• [WORK ORDER]
Below are the entries to work from; restate word for word the portion that opens with the line containing "3 bedroom semi-detached" and closes with the line containing "Samochód bez kierowcy", keeping both.

Stored dataset items
──────────

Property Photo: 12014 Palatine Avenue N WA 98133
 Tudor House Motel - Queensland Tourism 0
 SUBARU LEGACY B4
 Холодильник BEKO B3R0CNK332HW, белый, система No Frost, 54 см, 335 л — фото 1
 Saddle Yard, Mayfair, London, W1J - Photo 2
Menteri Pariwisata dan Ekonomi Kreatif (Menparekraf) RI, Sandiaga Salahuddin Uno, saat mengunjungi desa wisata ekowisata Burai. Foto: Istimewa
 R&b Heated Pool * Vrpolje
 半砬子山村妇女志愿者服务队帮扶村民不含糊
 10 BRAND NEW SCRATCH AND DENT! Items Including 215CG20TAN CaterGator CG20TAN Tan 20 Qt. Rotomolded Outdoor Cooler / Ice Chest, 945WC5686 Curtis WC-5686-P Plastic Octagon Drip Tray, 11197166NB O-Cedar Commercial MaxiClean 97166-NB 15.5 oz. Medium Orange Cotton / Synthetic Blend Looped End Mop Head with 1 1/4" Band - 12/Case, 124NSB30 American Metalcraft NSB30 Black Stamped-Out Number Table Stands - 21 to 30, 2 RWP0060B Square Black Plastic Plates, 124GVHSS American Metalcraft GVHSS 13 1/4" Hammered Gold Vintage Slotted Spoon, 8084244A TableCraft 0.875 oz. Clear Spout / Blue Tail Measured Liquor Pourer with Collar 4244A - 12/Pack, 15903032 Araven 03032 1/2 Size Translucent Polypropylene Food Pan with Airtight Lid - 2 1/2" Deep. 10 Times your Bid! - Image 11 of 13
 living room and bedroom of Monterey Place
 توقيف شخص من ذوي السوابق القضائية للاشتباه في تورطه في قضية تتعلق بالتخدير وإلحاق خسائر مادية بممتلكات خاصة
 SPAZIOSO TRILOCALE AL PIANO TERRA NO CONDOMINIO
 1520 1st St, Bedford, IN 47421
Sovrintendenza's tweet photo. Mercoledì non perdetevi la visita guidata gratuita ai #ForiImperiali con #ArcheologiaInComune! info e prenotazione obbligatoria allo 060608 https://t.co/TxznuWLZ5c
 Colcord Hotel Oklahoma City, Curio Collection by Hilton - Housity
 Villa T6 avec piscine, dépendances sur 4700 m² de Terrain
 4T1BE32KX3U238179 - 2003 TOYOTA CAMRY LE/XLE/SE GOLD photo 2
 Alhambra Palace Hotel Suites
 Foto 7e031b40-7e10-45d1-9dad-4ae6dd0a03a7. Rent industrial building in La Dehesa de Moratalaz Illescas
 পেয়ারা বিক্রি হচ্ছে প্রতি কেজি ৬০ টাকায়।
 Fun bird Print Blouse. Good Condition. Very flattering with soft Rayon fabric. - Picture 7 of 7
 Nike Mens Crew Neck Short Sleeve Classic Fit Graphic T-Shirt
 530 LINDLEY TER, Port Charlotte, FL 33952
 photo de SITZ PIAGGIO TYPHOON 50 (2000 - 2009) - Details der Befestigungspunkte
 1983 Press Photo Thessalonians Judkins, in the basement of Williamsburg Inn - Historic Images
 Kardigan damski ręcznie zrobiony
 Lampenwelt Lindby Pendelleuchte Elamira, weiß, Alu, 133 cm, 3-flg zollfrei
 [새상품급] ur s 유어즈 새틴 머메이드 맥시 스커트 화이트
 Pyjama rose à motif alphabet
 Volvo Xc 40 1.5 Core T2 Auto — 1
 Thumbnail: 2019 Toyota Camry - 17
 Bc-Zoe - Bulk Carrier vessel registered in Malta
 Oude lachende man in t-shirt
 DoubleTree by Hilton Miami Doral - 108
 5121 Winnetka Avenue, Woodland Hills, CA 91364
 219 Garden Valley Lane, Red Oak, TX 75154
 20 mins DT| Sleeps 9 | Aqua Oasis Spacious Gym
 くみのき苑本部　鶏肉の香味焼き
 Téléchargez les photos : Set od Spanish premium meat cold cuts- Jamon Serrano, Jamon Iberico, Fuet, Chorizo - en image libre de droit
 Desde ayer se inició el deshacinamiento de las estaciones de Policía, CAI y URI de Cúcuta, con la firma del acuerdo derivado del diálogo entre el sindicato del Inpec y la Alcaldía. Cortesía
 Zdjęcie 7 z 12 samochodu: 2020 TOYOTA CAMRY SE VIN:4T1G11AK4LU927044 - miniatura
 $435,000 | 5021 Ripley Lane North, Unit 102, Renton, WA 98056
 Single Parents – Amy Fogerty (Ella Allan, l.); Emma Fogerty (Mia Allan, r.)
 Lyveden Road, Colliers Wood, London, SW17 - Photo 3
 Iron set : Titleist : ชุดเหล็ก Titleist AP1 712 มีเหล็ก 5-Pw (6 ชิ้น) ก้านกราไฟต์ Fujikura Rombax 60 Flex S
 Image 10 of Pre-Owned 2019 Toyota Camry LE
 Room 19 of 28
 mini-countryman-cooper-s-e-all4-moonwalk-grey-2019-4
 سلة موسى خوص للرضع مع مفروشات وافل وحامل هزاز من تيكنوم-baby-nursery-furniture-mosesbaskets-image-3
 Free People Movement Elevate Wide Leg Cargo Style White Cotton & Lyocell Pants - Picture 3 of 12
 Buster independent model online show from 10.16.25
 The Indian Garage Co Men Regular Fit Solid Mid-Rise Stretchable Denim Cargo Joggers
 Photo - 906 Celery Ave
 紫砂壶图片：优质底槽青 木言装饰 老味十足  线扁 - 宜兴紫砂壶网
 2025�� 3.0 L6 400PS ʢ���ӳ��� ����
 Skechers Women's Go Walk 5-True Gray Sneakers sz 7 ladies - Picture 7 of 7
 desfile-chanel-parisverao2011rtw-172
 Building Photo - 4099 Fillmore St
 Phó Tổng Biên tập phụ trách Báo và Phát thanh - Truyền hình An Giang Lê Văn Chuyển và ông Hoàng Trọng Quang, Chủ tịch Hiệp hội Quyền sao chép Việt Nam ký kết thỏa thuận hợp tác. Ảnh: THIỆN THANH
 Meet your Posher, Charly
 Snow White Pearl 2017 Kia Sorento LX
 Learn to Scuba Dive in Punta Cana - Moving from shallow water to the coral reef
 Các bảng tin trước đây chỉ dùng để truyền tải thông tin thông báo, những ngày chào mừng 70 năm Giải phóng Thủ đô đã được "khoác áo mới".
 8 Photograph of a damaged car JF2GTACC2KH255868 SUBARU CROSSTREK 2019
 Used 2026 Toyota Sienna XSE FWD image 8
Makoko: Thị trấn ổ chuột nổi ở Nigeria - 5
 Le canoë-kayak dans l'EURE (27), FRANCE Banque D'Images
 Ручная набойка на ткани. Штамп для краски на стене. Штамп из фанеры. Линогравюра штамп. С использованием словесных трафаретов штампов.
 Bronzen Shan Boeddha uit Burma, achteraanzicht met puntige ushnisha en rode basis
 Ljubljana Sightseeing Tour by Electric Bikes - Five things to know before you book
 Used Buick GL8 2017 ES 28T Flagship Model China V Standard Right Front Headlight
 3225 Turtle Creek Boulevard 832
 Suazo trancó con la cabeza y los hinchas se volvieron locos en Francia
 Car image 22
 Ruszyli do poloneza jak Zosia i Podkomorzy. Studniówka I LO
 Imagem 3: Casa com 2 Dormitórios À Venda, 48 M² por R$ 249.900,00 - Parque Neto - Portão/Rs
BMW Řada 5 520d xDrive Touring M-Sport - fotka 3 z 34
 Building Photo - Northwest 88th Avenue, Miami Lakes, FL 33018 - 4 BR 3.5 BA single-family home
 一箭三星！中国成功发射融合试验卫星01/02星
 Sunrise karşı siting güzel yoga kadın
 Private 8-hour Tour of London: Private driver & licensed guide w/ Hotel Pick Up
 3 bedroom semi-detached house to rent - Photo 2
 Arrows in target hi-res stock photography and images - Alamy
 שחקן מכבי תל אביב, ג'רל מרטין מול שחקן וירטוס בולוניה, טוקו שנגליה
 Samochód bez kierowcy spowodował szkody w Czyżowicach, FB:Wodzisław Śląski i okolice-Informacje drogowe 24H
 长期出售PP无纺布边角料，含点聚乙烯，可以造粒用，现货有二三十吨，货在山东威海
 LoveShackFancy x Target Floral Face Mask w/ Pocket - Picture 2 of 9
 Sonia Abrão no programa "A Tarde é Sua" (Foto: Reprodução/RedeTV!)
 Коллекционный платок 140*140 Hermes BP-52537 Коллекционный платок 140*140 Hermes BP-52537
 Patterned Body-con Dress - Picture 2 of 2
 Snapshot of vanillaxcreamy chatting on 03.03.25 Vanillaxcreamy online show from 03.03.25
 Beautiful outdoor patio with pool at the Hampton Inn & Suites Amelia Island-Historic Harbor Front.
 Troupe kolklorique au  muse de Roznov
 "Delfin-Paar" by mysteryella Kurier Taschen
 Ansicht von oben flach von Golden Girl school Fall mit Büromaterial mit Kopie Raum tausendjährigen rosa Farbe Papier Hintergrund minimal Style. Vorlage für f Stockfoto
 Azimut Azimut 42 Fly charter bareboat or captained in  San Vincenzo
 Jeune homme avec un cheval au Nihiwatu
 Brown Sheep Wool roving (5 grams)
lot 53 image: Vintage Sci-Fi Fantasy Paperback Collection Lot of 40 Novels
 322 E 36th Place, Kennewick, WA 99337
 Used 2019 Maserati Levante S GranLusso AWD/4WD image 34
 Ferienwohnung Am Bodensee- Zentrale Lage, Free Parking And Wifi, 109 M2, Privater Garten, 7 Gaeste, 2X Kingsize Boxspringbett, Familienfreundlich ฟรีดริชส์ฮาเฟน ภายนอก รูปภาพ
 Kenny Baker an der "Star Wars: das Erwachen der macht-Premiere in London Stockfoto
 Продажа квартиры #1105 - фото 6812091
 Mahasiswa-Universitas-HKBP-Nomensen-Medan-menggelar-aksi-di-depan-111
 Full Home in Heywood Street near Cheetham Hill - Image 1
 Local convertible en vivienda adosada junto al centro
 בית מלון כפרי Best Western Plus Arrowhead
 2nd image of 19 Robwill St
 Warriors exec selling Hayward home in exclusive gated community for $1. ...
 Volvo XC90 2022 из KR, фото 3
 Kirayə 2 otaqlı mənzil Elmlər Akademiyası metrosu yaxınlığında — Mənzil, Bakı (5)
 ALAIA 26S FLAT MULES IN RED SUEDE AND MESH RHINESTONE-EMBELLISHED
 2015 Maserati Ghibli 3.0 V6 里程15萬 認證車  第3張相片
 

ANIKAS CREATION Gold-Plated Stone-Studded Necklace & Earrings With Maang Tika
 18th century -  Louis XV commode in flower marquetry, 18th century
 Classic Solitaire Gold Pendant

──────────

• [ANSWER TO THIS TASK]
 3 bedroom semi-detached house to rent - Photo 2
 Arrows in target hi-res stock photography and images - Alamy
 שחקן מכבי תל אביב, ג'רל מרטין מול שחקן וירטוס בולוניה, טוקו שנגליה
 Samochód bez kierowcy spowodował szkody w Czyżowicach, FB:Wodzisław Śląski i okolice-Informacje drogowe 24H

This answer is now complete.